Credit Suisse is winding down Greensill-affiliated funds valued at $ 10 billion


ZURICH (Reuters) – Credit Suisse announced on Friday that it was winding up its $ 10 billion supply chain finance funds, which were mainly invested in bonds backed by specialist finance firm Greensill.

FILE PHOTO: Greensill Bank is pictured in downtown Bremen on July 3, 2019. REUTERS / Fabian Bimmer

The London-based Greensill Group is preparing to file for bankruptcy and is in talks to sell parts of its business to US private equity firm Apollo Global Management Inc.

Greensill did not want to comment on the bankruptcy preparations or the change of Credit Suisse. Apollo also declined to comment.

“The fund management boards have now decided to dissolve the funds. Credit Suisse Asset Management’s priority is to strike a balance between liquidating funds in a timely manner and maximizing value for investors, ”said the Swiss bank’s funds division.

Credit Suisse asset management added in a statement on Friday that it is closing the funds due to valuation uncertainties, limited availability of insurance coverage for new investments and challenges in finding suitable investments.

The second-largest bank in Switzerland suspended the withdrawal of funds supporting Greensill’s lending operations on Monday due to concerns about its exact valuation and announced on Wednesday that it would return excess cash to shareholders.


Credit Suisse said the funds had “lower insurance coverage for new investments” but declined to say whether existing investments were protected.

How much money investors win back in the funds to be closed can depend on the insurance coverage of the investments.

The funds offer loans backed by blue chip companies but also by high leverage companies that are not rated by major credit institutions, including Sanjeev Gupta’s GFG Alliance.

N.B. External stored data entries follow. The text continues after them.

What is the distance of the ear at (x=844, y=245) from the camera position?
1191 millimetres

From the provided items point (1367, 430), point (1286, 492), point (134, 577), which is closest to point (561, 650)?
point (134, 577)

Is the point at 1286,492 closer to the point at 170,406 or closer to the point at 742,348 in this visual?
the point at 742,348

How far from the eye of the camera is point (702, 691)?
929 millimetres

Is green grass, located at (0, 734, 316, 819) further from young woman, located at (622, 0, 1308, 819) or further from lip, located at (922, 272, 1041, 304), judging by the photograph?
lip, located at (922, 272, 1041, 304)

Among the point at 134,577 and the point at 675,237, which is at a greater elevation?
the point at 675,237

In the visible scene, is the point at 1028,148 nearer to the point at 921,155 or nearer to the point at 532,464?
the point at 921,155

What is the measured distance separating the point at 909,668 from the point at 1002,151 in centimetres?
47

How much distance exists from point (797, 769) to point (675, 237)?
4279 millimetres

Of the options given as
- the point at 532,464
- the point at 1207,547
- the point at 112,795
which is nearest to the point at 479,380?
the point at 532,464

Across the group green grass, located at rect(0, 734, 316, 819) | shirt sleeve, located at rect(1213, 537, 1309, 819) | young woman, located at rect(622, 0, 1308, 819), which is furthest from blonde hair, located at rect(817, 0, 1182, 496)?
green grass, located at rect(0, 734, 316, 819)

GFG did not want to comment on Greensill’s problems, but said it had alternative funding options for its business.

Bond and Credit Company (BCC), a unit of Japan’s Tokyo Navy, had covered $ 4.6 billion in Greensill credits, according to an Australian court ruling denying Greensill’s motion that BCC’s former partner, Insurance Australia Group (IAG) to be forced to expand insurance coverage.

Tokyo told Greensill last year that it had opened an investigation into whether the insurance it offered was approved in line with the company’s procedures, court documents showed.

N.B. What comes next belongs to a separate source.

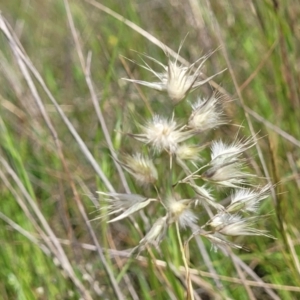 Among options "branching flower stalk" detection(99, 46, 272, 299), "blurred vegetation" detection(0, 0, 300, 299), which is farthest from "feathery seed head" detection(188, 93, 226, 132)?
"blurred vegetation" detection(0, 0, 300, 299)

Tokyo Marine declined to comment. Insurance Australia said the sale of its BCC stake in 2019 meant IAG had no further economic interest or exposure to commercial credit insurance. Greensill declined to answer questions about insurance matters.


Apollo has already started funding Greensill’s customers, whom they intend to continue working with once the purchase of Greensill’s operations is complete, a source familiar with the acquisition talks said.

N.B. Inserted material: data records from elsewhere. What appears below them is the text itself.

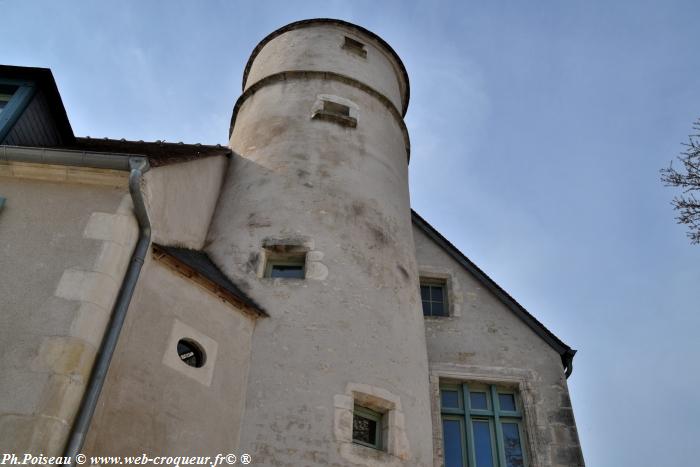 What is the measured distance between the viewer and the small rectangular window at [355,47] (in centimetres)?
1227

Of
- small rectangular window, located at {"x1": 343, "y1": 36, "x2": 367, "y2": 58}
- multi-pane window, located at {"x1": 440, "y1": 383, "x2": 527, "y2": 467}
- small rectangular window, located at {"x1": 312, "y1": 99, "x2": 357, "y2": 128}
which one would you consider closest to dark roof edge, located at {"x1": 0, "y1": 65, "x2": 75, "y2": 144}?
small rectangular window, located at {"x1": 312, "y1": 99, "x2": 357, "y2": 128}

The private equity group, best known for buying troubled assets especially after the 2008 financial crisis, plans to manage the Greensill process through its partner insurance company Athene, the source added.

Apollo manages the invested assets of Athene, a New York listed insurer. It will pick some of the more attractive assets out of Greensill’s loan portfolio, the source said.

Another source said Apollo will prioritize investment grade customers through Athene Greensill, and anything below that is likely not to be included.

An Apollo spokesman declined to comment.

Credit Suisse said there were more than 1,000 investors in the four liquidated funds, all institutional or professional, and it would begin paying out cash in installments starting March 8.

Cash, or cash equivalents, made up roughly $ 3.7 billion of the four Credit Suisse funds worth $ 10.1 billion last week, a statement to investors revealed.